Sunday, November 29, 2015

Big Data Analytics - Learn it easily and quickly

Big Data Analytics is proving to be the biggest game-changing opportunity for organizations across the globe. With the availability of latest tools and technologies to process and get insight into overwhelming amounts of varied data, organization of all sizes (now not only limited to large or government organizations) are able to take advantages to manage and handle organizational complexity, rapidly changing customer behaviors, and increased competitive pressures by leveraging big data analytics.

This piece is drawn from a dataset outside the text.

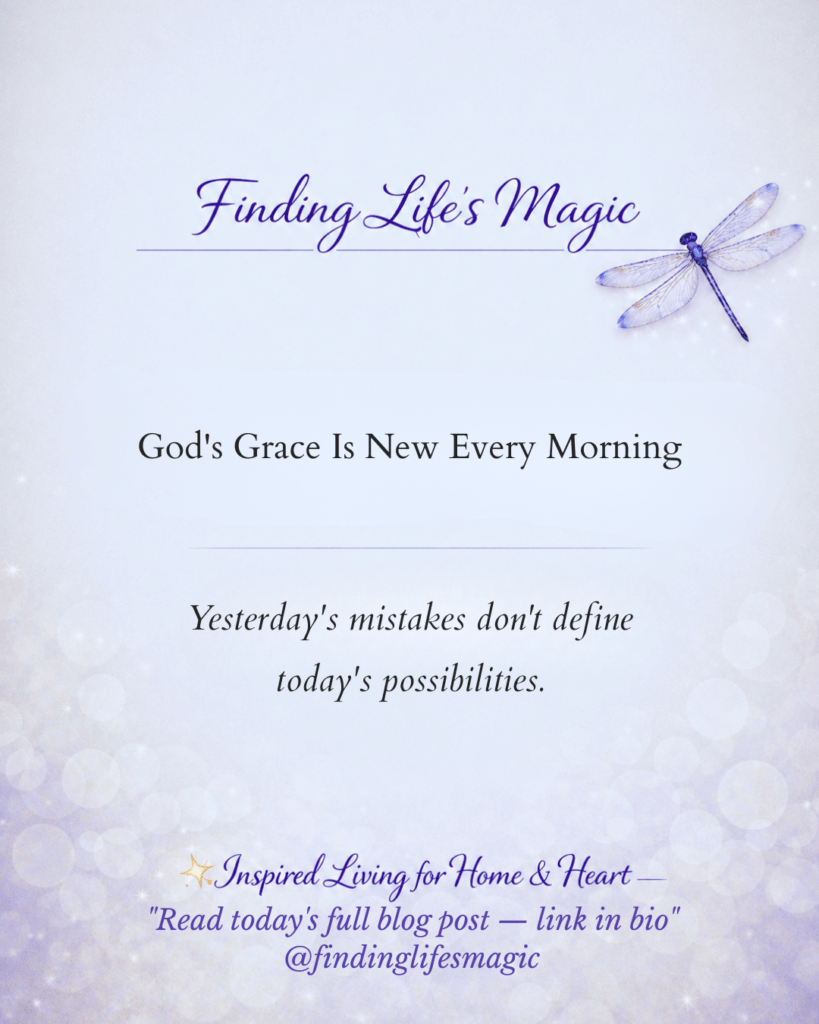 Gods Grace Is New Every Morning — faith encouragement blog post by Finding Life's Magic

But the challenge with organizations is to find right resources whereas the challenge with individuals is to learn these tools and technologies to easily and quickly. There are so many tools and technologies are available, it becomes very difficult to find right one and learn it in reasonable amount of time to get started quickly. This is exactly what we have tried to cover in our book.

What This Book Covers
  • Introduction of Big Data, NoSQL systems, its Business Value Proposition and use cases examples
  • Introduction to Hadoop, Architecture, Ecosystem and Microsoft HDInsight
  • Getting to know Hadoop 2.0 and the innovations it provides like HDFS2 and YARN
  • Quickly installing, configuring, and monitoring Hadoop (HDInsight) clusters in the cloud and automating cluster provisioning
  • Customize the HDInsight cluster and install additional Hadoop ecosystem projects using Script Actions
  • Administering HDInsight from the Hadoop command prompt or Microsoft PowerShell
  • Using the Microsoft Azure HDInsight Emulator for learning or development
  • Understanding HDFS, HDFS vs. Azure Blob Storage, MapReduce Job Framework and Job Execution Pipeline
  • Doing big data analytics with MapReduce, writing your MapReduce programs in your choice of .NET programming language such as C#
  • Using Hive for big data analytics, demonstrate end to end scenario and how Apache Tez improves the performance several folds
  • Consuming HDInsight data from Microsoft BI Tools over Hive ODBC Driver - Using HDInsight with Microsoft BI and Power BI to simplify data integration, analysis, and reporting
  • Using PIG for big data transformation workflows step by step
  • Apache HBase on HDInsight, its architecture, data model, HBase vs. Hive, programmatically managing HBase data with C# and Apache Phoenix
  • Using Sqoop or SSIS (SQL Server Integration Services) to move data to/from HDInsight and build data integration workflows for transferring data
  • Using Oozie for scheduling, co-ordination and managing data processing workflows in HDInsight cluster
  • Using R programming language with HDInsight for performing statistical computing on Big Data sets
  • Using Apache Spark's in-memory computation model to run big data analytics up to 100 times faster than Hadoop MapReduce
  • Perform real-time Stream Analytics on high-velocity big data streams with Storm
  • Integration of Enterprise Data Warehouse with Hadoop and Microsoft Analytics Platform System (APS), formally known as SQL Server Parallel Data Warehouse (PDW)

Who Should Read This Book
What do you hope to get out of this book? As we wrote this book, we had the following audiences in mind:
  • Developers—Developers (especially business intelligence and data warehouse developers) worldwide are seeing a growing need for practical, step-by-step instruction in processing Big Data and performing advanced analytics to extract actionable insights. This book was designed to meet that need. It starts at the ground level and builds from there, to make you an expert. Here you’ll learn how to build the next generation of apps that include such capabilities.
  • Data scientists—As a data scientist, you are already familiar with the processes of acquiring, transforming, and integrating data into your work and performing advanced analytics. This book introduces you to modern tools and technologies (ones that are prominent, inexpensive, flexible, and open source friendly) that you can apply while acquiring, transforming, and integrating Big Data and performing advanced analytics. By the time you complete this book, you’ll be quite comfortable with the latest tools and technologies.
  • Business decision makers—Business decision makers around the world, from many different organizations, are looking to unlock the value of data to gain actionable insights that enable their businesses to stay ahead of competitors. This book delves into advanced analytics applications and case studies based on Big Data tools and technologies, to accelerate your business goals.
  • Students aspiring to be Big Data analysts—As you are getting ready to transition from the academic to the corporate world, this books helps you build a foundational skill set to ace your interviews and successfully deliver Big Data projects in a timely manner. Chapters were designed to start at the ground level and gradually take you to an expert level.
Don’t worry if you don’t fit into any of these classifications. Set your sights on learning as much as you can and having fun in the process, and you’ll do fine!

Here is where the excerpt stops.